--- Instructions for the task ---
The entries that follow include a run beginning at the line with "Let capital C" and ending at the line with "What's up guys, so"; restate that run word for word and leave the rest out.

---- Data section

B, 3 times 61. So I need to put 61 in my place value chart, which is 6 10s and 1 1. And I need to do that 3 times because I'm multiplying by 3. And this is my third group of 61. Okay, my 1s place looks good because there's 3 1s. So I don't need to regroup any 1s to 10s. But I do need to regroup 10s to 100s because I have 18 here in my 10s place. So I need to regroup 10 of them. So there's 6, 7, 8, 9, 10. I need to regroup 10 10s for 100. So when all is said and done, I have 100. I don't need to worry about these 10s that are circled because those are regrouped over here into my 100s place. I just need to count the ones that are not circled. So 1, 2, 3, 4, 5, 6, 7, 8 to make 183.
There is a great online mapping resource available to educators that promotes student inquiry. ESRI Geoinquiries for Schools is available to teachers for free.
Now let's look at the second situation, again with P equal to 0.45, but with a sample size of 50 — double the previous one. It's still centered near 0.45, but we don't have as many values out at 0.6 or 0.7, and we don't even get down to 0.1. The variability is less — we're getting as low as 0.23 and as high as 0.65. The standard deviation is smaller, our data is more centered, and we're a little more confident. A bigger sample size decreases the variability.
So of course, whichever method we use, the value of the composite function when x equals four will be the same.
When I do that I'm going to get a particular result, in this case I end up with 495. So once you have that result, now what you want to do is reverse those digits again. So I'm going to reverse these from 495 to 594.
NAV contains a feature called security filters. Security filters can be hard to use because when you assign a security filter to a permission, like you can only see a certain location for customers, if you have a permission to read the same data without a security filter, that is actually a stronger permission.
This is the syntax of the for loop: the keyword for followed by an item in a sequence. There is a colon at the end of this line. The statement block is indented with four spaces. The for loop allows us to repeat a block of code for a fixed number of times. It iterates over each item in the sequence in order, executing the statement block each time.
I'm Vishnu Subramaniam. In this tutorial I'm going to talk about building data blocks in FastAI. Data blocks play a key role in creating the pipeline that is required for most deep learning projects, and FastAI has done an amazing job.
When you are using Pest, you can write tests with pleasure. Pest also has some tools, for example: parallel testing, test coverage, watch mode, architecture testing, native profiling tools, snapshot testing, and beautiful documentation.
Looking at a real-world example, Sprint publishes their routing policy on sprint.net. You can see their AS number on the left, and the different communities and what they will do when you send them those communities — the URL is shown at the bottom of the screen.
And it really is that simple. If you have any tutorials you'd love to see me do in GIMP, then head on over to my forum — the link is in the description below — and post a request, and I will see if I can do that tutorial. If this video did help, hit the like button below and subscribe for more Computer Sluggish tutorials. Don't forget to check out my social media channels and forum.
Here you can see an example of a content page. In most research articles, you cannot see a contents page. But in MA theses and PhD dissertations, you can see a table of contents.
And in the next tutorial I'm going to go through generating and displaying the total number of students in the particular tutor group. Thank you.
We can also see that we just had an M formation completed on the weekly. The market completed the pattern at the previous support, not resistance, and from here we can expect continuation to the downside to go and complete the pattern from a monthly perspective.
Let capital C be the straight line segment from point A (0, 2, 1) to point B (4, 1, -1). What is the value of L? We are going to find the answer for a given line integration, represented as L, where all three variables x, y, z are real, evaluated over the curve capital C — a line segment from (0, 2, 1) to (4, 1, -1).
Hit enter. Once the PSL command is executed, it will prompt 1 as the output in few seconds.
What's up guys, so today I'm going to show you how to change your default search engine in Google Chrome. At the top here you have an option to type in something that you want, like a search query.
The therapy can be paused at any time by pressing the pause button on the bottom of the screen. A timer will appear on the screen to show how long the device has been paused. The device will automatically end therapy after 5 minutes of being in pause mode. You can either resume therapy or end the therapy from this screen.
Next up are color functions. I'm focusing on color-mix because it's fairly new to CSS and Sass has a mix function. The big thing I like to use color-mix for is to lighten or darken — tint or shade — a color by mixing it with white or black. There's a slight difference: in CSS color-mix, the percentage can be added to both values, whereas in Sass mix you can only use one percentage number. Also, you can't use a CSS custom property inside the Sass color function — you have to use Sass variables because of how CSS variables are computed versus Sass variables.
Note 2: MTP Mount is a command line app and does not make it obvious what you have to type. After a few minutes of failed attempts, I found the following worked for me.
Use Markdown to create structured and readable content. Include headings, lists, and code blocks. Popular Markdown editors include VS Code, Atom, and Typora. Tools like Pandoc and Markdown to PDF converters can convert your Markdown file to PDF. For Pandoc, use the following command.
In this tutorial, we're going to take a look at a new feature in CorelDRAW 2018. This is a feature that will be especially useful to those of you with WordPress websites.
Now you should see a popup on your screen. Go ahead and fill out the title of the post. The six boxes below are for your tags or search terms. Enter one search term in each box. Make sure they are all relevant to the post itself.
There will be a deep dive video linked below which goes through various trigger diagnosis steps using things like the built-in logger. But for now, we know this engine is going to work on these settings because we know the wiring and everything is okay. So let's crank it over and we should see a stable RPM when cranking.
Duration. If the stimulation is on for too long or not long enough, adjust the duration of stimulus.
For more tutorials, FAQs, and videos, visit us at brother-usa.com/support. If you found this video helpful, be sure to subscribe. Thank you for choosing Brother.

--------

--- Solution below ---
Let capital C be the straight line segment from point A (0, 2, 1) to point B (4, 1, -1). What is the value of L? We are going to find the answer for a given line integration, represented as L, where all three variables x, y, z are real, evaluated over the curve capital C — a line segment from (0, 2, 1) to (4, 1, -1).
Hit enter. Once the PSL command is executed, it will prompt 1 as the output in few seconds.
What's up guys, so today I'm going to show you how to change your default search engine in Google Chrome. At the top here you have an option to type in something that you want, like a search query.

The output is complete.